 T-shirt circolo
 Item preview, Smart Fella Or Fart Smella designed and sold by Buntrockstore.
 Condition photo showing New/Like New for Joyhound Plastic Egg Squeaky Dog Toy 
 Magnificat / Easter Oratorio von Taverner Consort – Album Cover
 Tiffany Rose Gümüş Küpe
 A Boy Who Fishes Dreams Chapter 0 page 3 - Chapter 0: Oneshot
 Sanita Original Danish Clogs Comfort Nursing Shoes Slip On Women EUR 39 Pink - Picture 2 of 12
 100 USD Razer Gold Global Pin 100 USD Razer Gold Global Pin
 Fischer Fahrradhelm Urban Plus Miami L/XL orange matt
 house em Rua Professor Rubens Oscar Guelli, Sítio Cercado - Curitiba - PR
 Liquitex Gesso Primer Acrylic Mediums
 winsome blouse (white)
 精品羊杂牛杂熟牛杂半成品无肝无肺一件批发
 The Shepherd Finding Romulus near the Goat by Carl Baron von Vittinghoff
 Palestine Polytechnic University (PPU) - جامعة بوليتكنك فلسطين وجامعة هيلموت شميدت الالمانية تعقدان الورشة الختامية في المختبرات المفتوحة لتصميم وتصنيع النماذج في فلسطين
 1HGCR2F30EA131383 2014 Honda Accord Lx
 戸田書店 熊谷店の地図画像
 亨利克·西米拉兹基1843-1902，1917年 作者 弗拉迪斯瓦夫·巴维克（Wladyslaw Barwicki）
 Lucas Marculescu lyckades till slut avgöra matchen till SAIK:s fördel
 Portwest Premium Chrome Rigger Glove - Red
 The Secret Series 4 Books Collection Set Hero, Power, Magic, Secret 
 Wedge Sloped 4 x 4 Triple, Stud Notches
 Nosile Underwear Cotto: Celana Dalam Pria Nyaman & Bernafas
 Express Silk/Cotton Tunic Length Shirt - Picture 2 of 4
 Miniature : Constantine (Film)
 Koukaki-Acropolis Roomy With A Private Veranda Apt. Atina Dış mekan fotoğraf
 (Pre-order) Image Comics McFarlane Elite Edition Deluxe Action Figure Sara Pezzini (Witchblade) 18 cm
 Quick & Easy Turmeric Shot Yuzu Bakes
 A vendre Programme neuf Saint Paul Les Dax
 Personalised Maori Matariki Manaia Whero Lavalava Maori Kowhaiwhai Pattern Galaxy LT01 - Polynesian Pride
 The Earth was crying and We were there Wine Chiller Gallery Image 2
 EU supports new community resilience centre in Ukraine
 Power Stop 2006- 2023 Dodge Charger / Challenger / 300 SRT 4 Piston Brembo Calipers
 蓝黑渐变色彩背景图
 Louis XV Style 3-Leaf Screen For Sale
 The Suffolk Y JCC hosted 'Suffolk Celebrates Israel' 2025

◆ WHAT IS BEING ASKED
Report the lines above that contain "Power".

◆ YOUR SOLUTION
 The Secret Series 4 Books Collection Set Hero, Power, Magic, Secret 
 Power Stop 2006- 2023 Dodge Charger / Challenger / 300 SRT 4 Piston Brembo Calipers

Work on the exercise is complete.